* [REQUIREMENT] Could you reproduce all of the entries below without a single change?

===== AVAILABLE DATA =====

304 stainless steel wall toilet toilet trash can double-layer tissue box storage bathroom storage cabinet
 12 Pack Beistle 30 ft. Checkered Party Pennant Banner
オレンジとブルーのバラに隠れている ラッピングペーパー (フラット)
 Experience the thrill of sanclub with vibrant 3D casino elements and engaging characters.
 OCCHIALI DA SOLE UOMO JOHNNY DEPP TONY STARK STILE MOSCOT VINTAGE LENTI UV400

=====

* [ANSWER]
304 stainless steel wall toilet toilet trash can double-layer tissue box storage bathroom storage cabinet
 12 Pack Beistle 30 ft. Checkered Party Pennant Banner
オレンジとブルーのバラに隠れている ラッピングペーパー (フラット)
 Experience the thrill of sanclub with vibrant 3D casino elements and engaging characters.
 OCCHIALI DA SOLE UOMO JOHNNY DEPP TONY STARK STILE MOSCOT VINTAGE LENTI UV400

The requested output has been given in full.